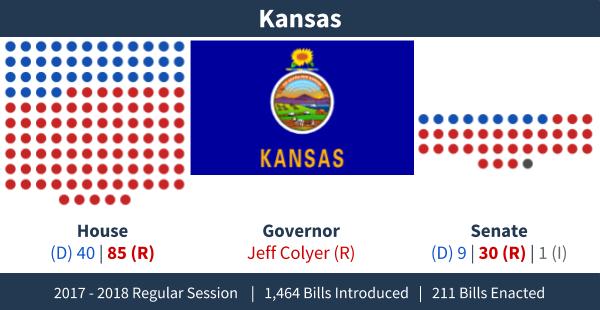 Kansas - Adjournment Graphic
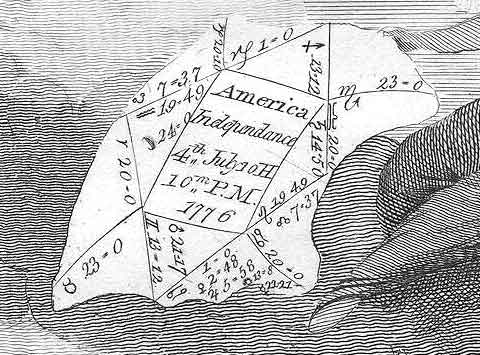 Гороскоп независимости США, составленный Эбенезером Сибли. Фрагмент гравюры (кликните по изображению, чтобы увидеть гравюру полностью)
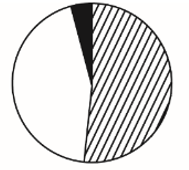 2020年山东省公务员录用考试《行测》试题（网友回忆版）(图45)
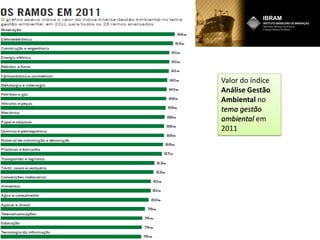 Valor do índice
Análise Gestão
Ambiental no
tema gestão
ambiental em
2011
 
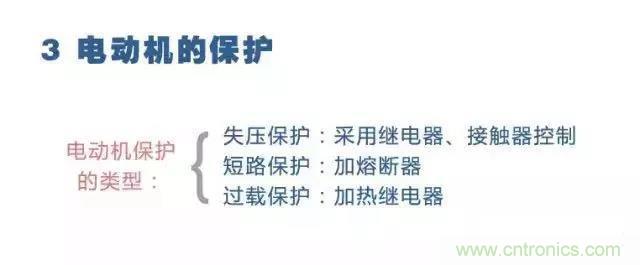 二次回路圖都懂了嗎？3分鐘幫你搞清楚！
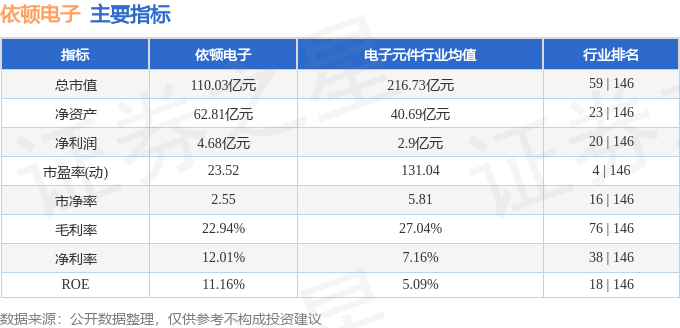 股票行情快报：依顿电子（603328）2月6日主力资金净买入213.09万元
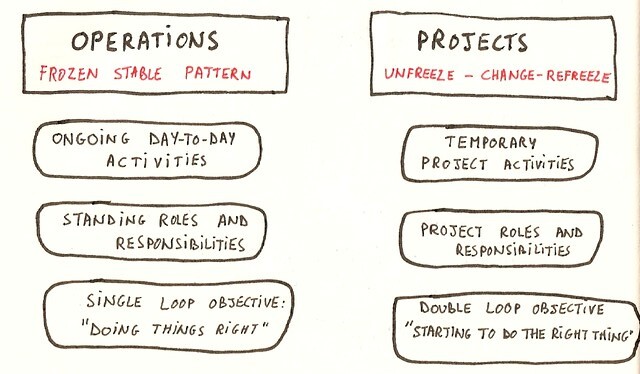 Operations versus Projects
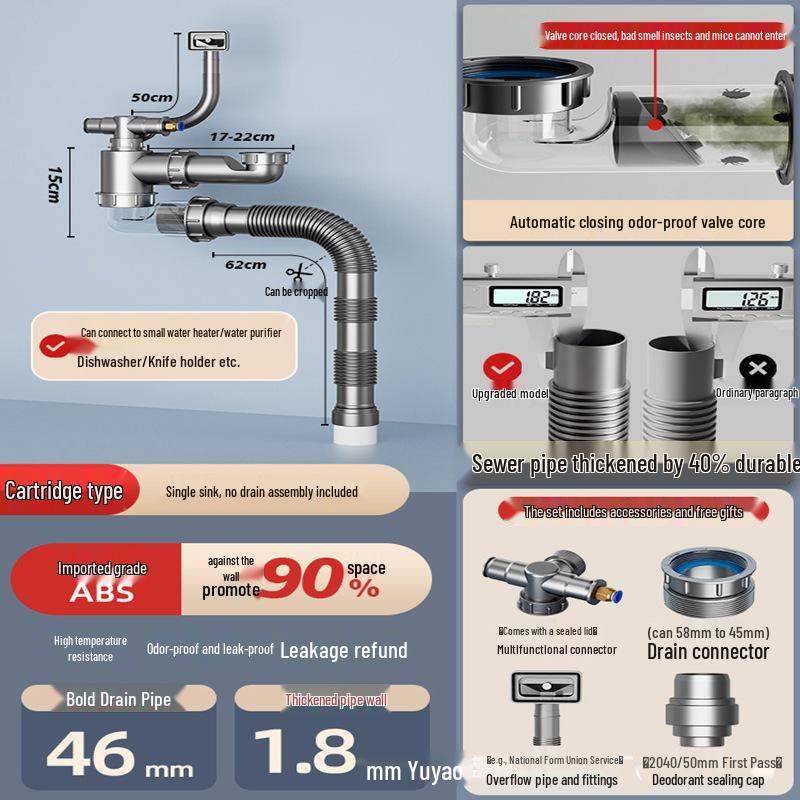 Anti-Clogging & Odor-Resistant Kitchen Sink Drain Pipe for Vegetable Washing Basin (Single/Double Bowl)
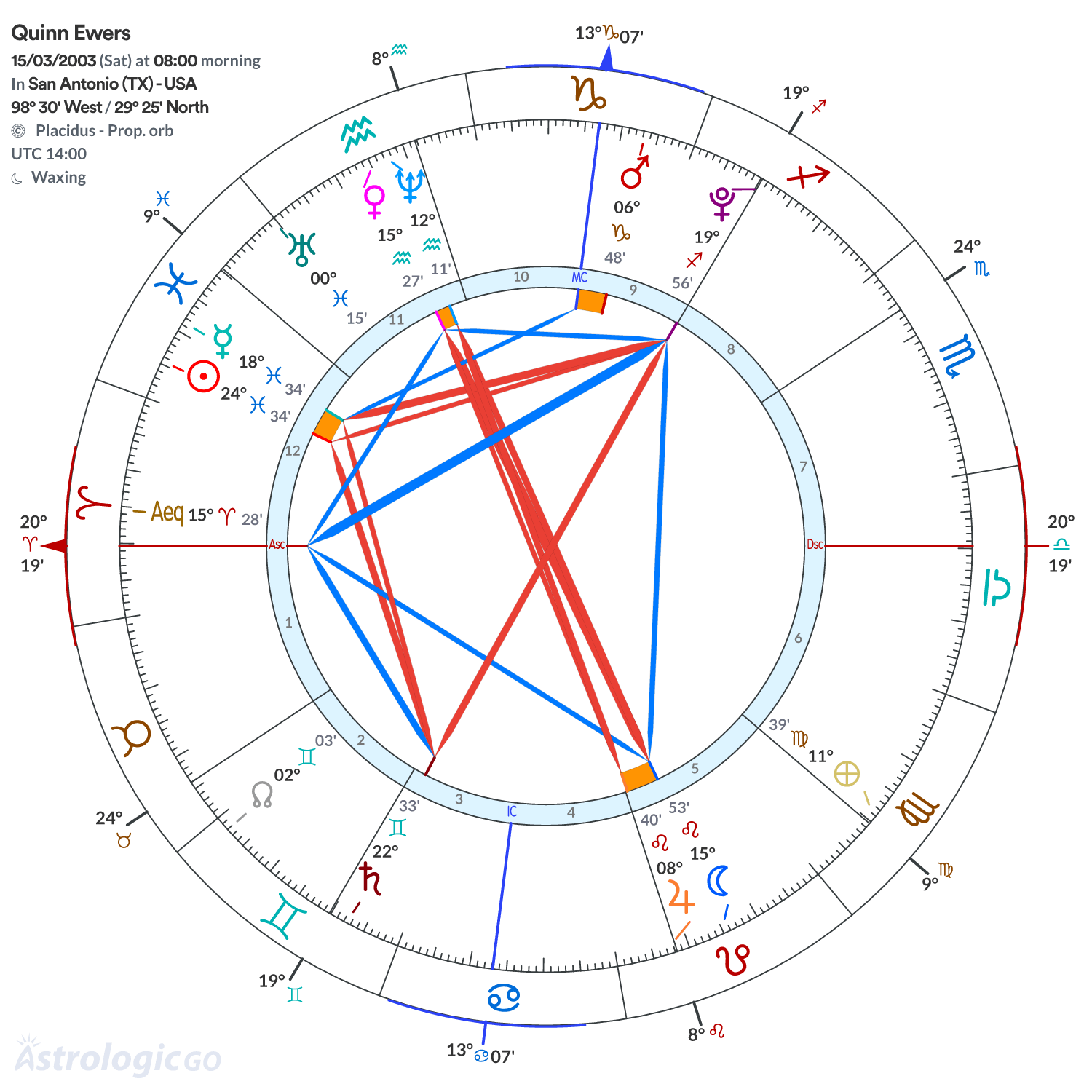 Chart wheel - Quinn Ewers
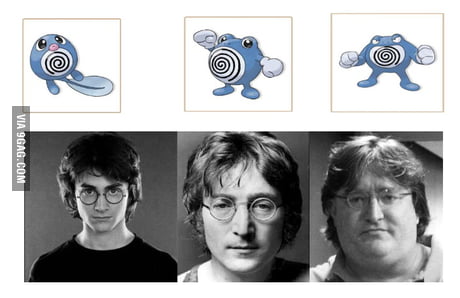 Evolution of Gabe, Gabe Newell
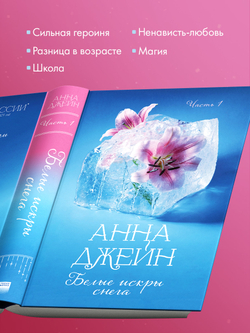 Белые искры снега. Часть 1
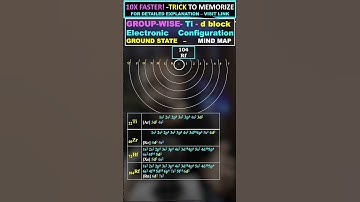 | Titanium Group | d Block Electronic Configuration |Transition Metals |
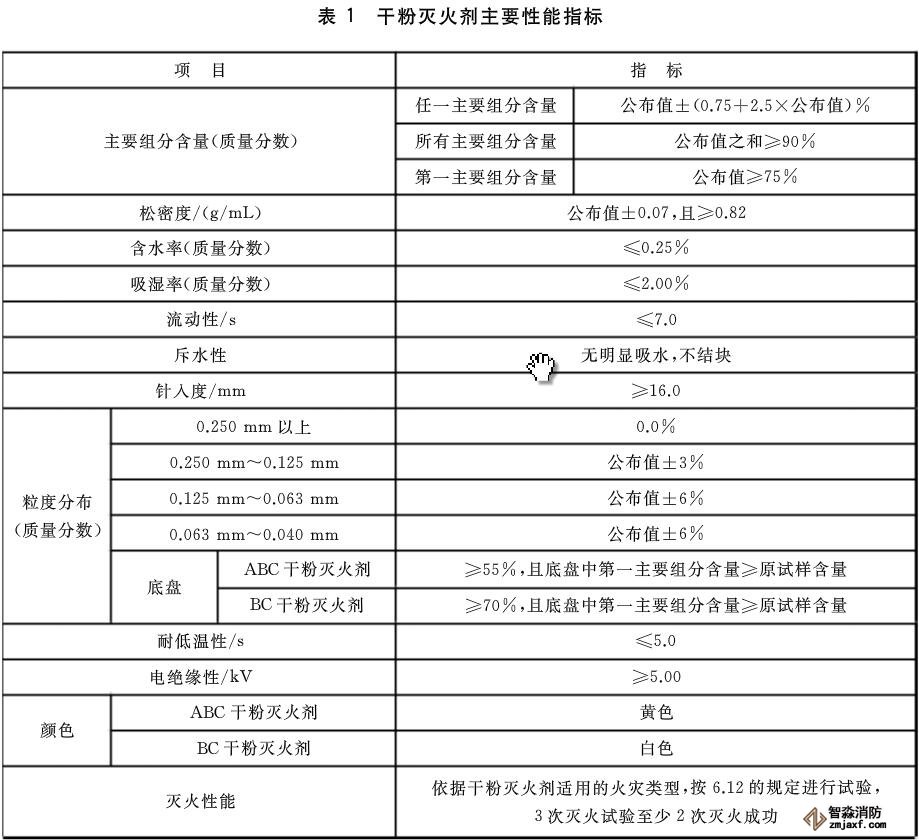 干粉滅火器檢測設備需要哪些？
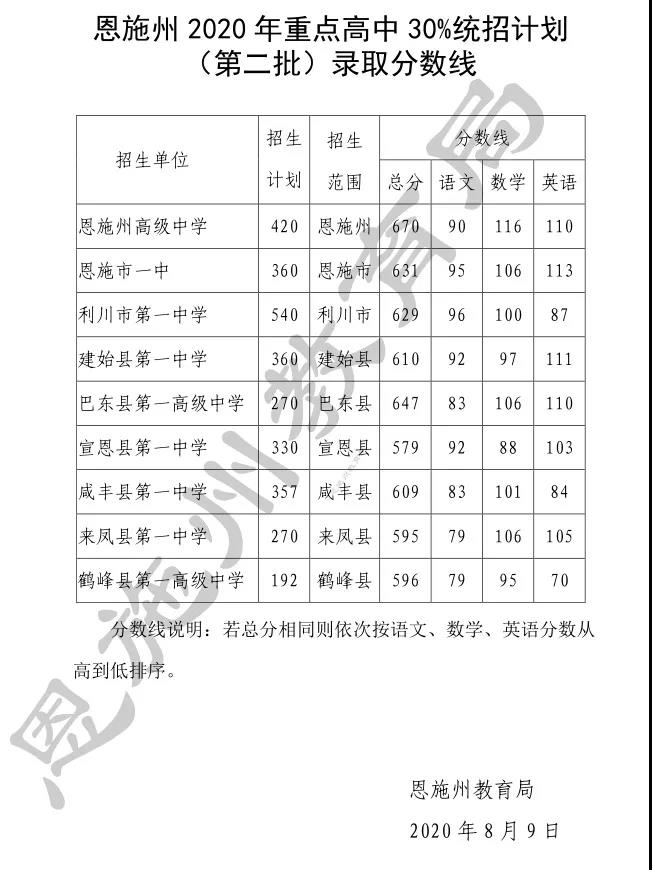 2020恩施州重点高中第二批统招录取分数线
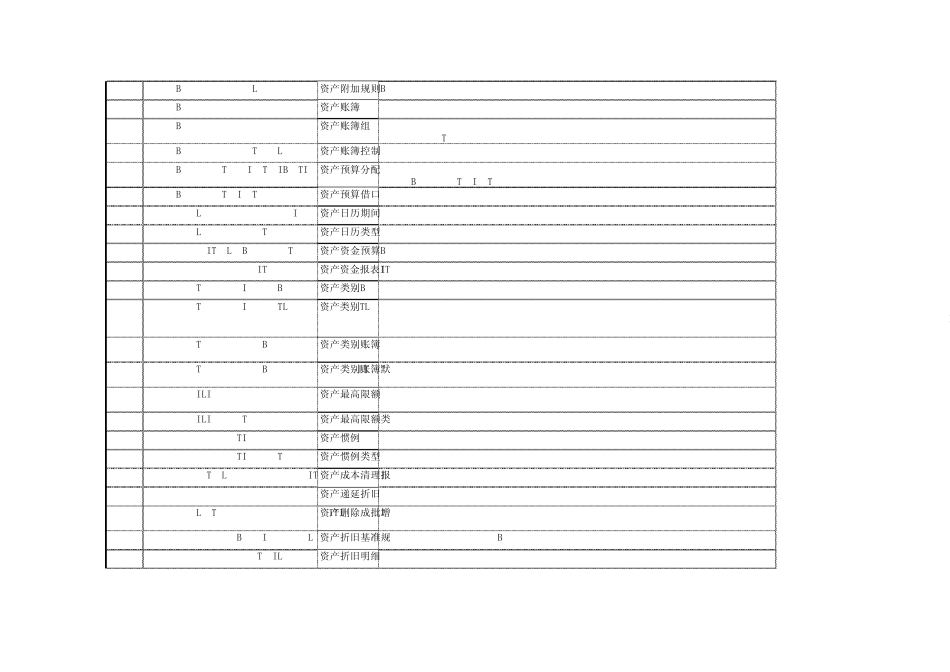 ORACLE_EBS_FA_常用表结构_资产库表_第2页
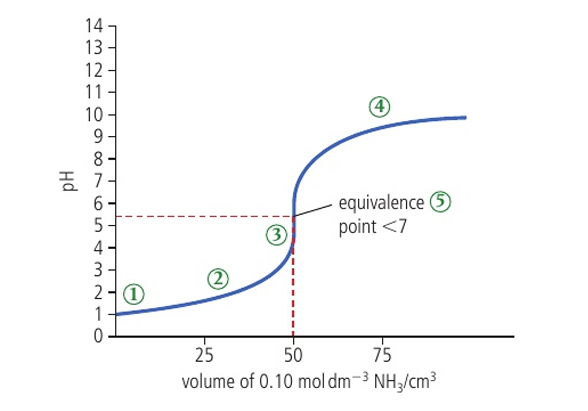 <p>initial pH is 1</p><p>pH stays relatively constant through the buffer region to equivalence </p><p>jump in pH from 3-7</p><p>after equivalence it flattens out at a low pH </p><p>pH at equivalence < 7 </p><p></p>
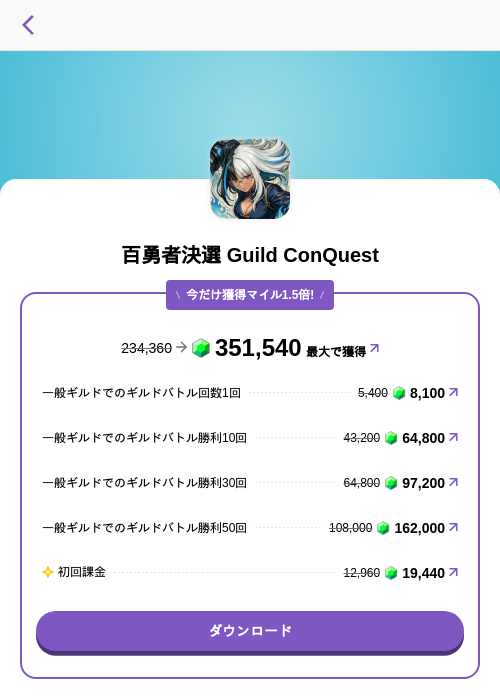 百勇者決選 Guild ConQuestの過去最高画像（トリマ （ミッションA）・2026年5月4日）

- _Task description_: Could you write all the entries out again exactly, but without their pictures?

- _Reply to the task_:
 Kansas - Adjournment Graphic
 Гороскоп независимости США, составленный Эбенезером Сибли. Фрагмент гравюры (кликните по изображению, чтобы увидеть гравюру полностью)
 2020年山东省公务员录用考试《行测》试题（网友回忆版）(图45)
 Valor do índice
Análise Gestão
Ambiental no
tema gestão
ambiental em
2011
 
 二次回路圖都懂了嗎？3分鐘幫你搞清楚！
 股票行情快报：依顿电子（603328）2月6日主力资金净买入213.09万元
 Operations versus Projects
 Anti-Clogging & Odor-Resistant Kitchen Sink Drain Pipe for Vegetable Washing Basin (Single/Double Bowl)
 Chart wheel - Quinn Ewers
 Evolution of Gabe, Gabe Newell
 Белые искры снега. Часть 1
 | Titanium Group | d Block Electronic Configuration |Transition Metals |
 干粉滅火器檢測設備需要哪些？
 2020恩施州重点高中第二批统招录取分数线
 ORACLE_EBS_FA_常用表结构_资产库表_第2页
 <p>initial pH is 1</p><p>pH stays relatively constant through the buffer region to equivalence </p><p>jump in pH from 3-7</p><p>after equivalence it flattens out at a low pH </p><p>pH at equivalence < 7 </p><p></p>
 百勇者決選 Guild ConQuestの過去最高画像（トリマ （ミッションA）・2026年5月4日）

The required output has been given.